The first church in the neighborhood was organized in 1914 and a lot purchased at the corner of Banner and Hollyrood for $1,700.  The Sunday School was organized a year later on the second floor of C.D. Couch's two-story frame grocery store at the corner of Acadia Avenue and Hollyrood Street, one block south (now demolished; site of Crown Drugs today), and in the fall construction began on Schlatter Memorial Reformed Church; the handsome brick Gothic Revival church was completed in 1920 at a cost of $20,000.

The city's financial success was at its height in the 1920s.  The population trebled from 1910 to 1930, making the Twin City the largest in the state by 1920.   This translated into a house building boom greater even than that of the decades before.   About half of all the houses in the Washington Park Historic District were built in the decade of the 1920s.  By 1925 the city had seventy-three real estate companies, formed to take advantage of the need for new housing.  Architectural firms had been established in Winston-Salem by 1925 and a number ofarchitects practiced in the city.   Several of them lived in Washington Park.

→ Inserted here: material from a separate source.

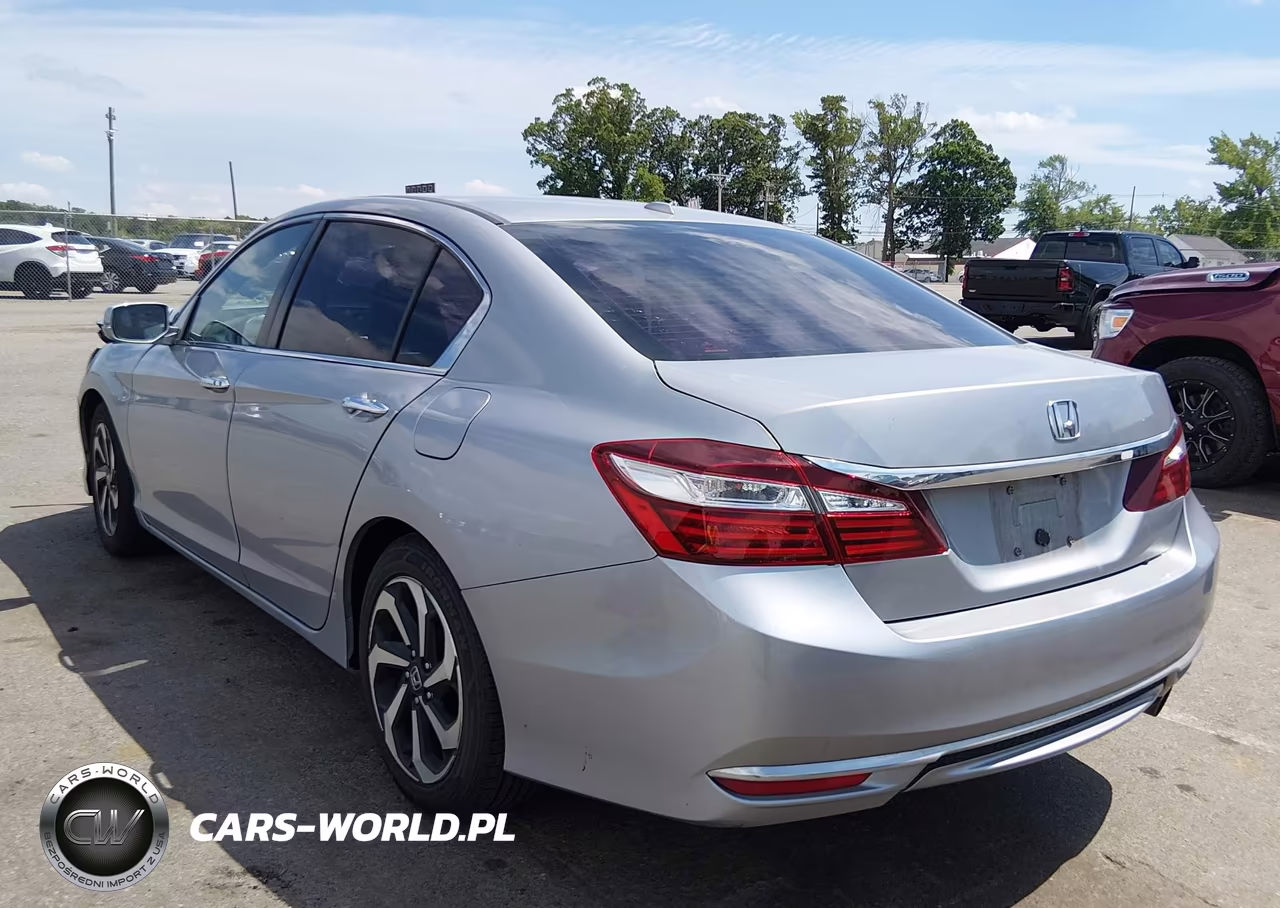 2016 Honda Accord Ex-L VIN:1HGCR2F86GA163916 - 3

As the neighborhood grew, houses were moved within the district; the Eller-Davis House was among the earliest, moved in 1918 from Cascade to 14 Park Boulevard to become the first house on its block when the owners wanted a more up-to-date building on their Cascade Avenue lot.  Along Acadia, as commercial ventures spread and streets were cut, houses were moved around the corner to be saved.  For instance, the building at 2113 Hollyrood began life at 232 Acadia until Miles Swaim moved it to make room for his new grocery store in 1929.  A block away another building had been moved twenty years earlier to make room for the opening of Konnoak (then Holton Street).   Local tradition even reports that the house at 17 Park was once a barn moved from the 200 block of Gloria and adapted into a residence.